Search code examples
apache-flinkflink-streaming

Flink Broadcast State Pattern: Failure recovery


According to the documentation "No RocksDB state backend" to the broadcast state.

Does this mean that with every failure (of a task level, or of an entire JVM), the new restarted task will see an "empty" state (while all the other running tasks will continue having full state)?

If Flink takes care of rebuilding the broadcast state of the failed task, should we take into account the possibility of receiving new non-broadcast event while the broadcast state is not yet fully built?


Solution

  • Does this mean that with every failure (of a task level, or of an entire JVM), the new restarted task will see an "empty" state (while all the other running tasks will continue having full state)?

    No, broadcast state is still stored in state and will be available via mechanisms such as checkpoints and savepoints, it just will always be restored in-memory as opposed to other forms of state that can be backed by RocksDB on disk.

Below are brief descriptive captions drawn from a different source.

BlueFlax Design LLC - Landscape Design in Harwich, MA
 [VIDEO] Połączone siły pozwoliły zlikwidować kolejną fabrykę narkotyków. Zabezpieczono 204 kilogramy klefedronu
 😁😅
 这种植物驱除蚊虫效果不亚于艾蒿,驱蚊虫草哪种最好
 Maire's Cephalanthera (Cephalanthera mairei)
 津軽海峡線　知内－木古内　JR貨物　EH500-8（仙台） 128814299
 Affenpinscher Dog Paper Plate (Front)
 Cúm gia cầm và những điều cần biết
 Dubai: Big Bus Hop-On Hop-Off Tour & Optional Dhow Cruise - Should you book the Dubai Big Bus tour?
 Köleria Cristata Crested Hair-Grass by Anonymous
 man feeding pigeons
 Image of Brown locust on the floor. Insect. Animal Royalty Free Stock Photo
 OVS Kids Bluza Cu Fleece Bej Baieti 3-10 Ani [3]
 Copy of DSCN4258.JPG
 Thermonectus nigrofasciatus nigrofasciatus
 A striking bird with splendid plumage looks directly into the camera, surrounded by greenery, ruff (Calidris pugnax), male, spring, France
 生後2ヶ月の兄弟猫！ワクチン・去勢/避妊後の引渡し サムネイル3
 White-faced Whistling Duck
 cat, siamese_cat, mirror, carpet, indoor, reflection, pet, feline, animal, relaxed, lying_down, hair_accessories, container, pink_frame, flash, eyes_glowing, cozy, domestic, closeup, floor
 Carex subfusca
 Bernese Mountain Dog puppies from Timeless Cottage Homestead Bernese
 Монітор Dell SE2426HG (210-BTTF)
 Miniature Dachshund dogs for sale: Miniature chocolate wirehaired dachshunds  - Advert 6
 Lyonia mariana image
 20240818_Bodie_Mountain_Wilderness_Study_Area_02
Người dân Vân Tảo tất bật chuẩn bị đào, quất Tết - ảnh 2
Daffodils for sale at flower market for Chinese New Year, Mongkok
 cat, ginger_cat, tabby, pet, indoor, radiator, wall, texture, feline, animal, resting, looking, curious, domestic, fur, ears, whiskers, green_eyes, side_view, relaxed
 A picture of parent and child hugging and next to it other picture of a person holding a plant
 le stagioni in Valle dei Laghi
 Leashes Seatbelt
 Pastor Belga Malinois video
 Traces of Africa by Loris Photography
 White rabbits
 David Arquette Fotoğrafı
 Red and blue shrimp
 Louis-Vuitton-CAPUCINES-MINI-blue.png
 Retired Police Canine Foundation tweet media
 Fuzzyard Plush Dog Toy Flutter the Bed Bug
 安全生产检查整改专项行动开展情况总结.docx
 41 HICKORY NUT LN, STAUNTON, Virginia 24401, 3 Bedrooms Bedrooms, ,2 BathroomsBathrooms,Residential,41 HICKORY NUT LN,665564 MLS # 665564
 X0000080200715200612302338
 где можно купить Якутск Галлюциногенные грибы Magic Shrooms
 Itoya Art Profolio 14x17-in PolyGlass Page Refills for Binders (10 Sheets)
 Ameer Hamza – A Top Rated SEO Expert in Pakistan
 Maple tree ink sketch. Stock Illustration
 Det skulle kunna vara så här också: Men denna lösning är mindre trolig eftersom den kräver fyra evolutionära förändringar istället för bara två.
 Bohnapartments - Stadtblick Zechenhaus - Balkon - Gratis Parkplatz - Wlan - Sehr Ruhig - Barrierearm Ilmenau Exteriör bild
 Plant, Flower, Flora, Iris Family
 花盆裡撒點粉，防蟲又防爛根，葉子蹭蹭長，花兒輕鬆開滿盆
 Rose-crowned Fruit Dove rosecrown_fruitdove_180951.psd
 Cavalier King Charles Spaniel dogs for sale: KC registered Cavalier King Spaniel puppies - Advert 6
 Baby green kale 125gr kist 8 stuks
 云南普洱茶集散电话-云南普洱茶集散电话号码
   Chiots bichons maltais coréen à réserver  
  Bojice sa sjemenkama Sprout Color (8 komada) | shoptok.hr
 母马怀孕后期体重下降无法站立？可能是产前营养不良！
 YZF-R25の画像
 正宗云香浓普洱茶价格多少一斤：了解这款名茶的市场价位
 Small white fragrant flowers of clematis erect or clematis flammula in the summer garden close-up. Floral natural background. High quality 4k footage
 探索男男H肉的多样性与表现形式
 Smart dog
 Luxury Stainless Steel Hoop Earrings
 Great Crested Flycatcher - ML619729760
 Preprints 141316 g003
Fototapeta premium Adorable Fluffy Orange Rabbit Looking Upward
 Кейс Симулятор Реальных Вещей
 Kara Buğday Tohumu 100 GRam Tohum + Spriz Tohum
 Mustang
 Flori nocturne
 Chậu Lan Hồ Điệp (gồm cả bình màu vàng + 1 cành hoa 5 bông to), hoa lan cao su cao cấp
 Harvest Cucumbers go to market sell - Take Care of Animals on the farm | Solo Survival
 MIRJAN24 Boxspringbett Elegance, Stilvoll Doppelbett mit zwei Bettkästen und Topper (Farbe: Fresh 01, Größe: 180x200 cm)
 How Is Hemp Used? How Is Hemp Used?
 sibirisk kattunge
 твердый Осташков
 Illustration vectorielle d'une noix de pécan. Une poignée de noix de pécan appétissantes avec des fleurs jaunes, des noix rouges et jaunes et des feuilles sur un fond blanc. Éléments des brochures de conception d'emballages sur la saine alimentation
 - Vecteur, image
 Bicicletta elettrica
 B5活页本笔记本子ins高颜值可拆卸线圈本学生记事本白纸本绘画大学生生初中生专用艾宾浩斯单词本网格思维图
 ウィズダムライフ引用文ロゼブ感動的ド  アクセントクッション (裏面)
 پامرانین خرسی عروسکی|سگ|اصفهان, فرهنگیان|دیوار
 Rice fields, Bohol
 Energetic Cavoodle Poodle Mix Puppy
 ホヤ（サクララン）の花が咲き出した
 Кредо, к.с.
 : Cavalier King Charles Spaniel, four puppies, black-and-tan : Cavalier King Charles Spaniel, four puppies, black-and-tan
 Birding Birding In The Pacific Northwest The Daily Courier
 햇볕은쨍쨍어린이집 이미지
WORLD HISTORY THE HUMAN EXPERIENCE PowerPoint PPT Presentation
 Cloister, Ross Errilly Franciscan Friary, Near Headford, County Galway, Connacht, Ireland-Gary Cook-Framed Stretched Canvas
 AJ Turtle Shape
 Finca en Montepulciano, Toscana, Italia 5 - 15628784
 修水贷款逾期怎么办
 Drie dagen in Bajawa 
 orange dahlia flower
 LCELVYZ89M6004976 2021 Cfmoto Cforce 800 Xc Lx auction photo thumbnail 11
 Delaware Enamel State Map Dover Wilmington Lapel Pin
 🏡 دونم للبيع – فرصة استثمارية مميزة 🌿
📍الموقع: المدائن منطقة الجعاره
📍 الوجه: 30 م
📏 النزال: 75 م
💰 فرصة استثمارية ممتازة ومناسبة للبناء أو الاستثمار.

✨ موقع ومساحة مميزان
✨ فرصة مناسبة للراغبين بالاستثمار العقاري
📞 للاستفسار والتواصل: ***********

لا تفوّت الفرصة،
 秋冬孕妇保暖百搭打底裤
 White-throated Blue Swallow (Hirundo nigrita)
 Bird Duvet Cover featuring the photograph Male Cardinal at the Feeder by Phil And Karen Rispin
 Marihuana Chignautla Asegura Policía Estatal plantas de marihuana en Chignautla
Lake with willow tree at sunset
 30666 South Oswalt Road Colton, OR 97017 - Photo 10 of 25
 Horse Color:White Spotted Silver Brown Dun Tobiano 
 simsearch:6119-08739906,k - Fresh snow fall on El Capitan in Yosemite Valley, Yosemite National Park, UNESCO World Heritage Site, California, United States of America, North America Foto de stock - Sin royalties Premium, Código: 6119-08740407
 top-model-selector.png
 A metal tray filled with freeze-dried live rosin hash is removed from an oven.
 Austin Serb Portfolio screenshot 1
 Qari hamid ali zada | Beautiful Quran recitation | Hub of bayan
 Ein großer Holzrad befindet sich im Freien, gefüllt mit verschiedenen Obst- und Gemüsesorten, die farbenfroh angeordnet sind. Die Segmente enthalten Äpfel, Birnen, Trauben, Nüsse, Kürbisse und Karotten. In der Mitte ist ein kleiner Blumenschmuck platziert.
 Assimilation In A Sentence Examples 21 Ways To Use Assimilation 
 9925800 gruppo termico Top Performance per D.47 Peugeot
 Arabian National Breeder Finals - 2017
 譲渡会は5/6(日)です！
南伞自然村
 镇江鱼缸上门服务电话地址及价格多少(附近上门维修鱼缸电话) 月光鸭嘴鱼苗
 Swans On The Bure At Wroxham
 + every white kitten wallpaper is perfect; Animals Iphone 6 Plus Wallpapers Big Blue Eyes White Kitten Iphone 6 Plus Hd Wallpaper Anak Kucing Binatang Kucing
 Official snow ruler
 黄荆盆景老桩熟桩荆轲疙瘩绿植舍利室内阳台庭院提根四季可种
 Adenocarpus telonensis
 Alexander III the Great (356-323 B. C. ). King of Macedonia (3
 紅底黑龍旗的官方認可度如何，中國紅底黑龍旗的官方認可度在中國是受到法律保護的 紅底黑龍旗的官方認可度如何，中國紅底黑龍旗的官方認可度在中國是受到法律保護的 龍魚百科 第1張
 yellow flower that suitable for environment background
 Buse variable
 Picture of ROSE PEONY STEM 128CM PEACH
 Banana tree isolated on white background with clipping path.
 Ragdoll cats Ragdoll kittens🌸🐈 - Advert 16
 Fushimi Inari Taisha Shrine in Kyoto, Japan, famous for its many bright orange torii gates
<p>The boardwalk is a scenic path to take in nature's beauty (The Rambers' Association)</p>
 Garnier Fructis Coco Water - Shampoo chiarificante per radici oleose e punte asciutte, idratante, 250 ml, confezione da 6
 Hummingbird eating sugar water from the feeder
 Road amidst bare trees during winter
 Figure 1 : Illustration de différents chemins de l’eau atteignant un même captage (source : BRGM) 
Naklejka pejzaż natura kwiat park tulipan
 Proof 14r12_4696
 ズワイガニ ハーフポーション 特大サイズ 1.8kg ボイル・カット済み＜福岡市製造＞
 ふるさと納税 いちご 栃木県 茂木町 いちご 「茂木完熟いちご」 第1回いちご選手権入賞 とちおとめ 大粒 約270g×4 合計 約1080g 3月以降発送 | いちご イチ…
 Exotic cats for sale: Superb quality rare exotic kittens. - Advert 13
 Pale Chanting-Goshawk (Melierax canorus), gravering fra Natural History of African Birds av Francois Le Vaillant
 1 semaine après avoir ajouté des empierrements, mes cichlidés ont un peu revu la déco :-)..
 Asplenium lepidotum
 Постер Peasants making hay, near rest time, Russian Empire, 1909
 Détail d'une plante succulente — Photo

As such, you typically will only want to use broadcast state in situations where you can comfortably store the entirety of the state in memory.

    If Flink takes care of rebuilding the broadcast state of the failed task, should we take into account the possibility of receiving new non-broadcast event while the broadcast state is not yet fully built?

    As far as failures go, when your specific job/task fails, it will generally restart the job and restore the state from the previous checkpoint, which will contain your items that were stored in broadcast state. This restoration should occur as part of the initialization of the operator, so you shouldn't begin receiving elements until after it is "ready" and has been initialized.